How many lines below include the string "Shirt"? State the number alone.

BEGIN Working data

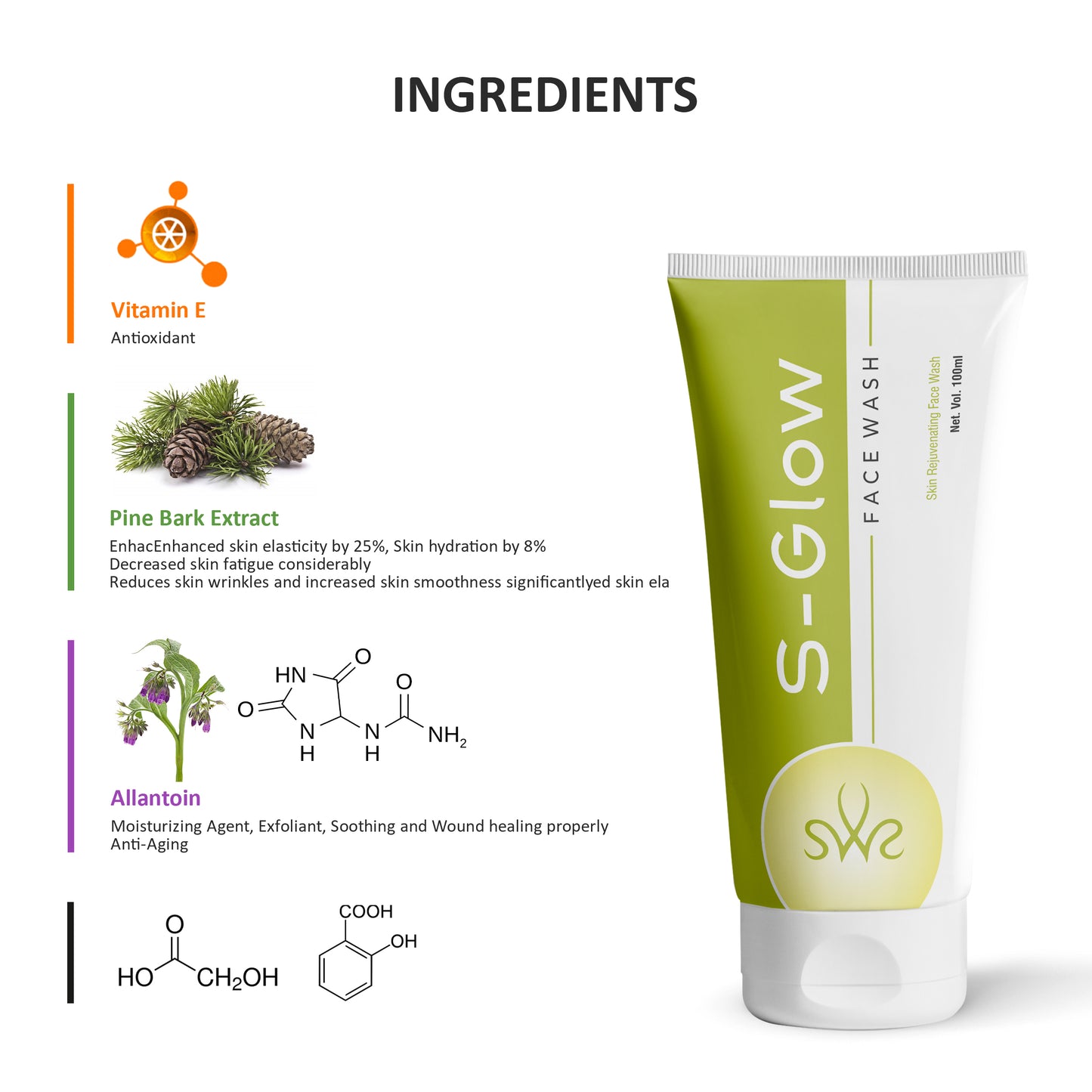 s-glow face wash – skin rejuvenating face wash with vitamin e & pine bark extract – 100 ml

END Working data
BEGIN Working data

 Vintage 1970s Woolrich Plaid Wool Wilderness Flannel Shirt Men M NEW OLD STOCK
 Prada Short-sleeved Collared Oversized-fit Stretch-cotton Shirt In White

END Working data
BEGIN Working data

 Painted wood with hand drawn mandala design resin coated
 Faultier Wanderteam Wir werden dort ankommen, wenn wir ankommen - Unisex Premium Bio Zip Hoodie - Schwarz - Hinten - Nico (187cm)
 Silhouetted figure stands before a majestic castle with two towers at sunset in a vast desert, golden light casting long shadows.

END Working data

Exercise solution:
2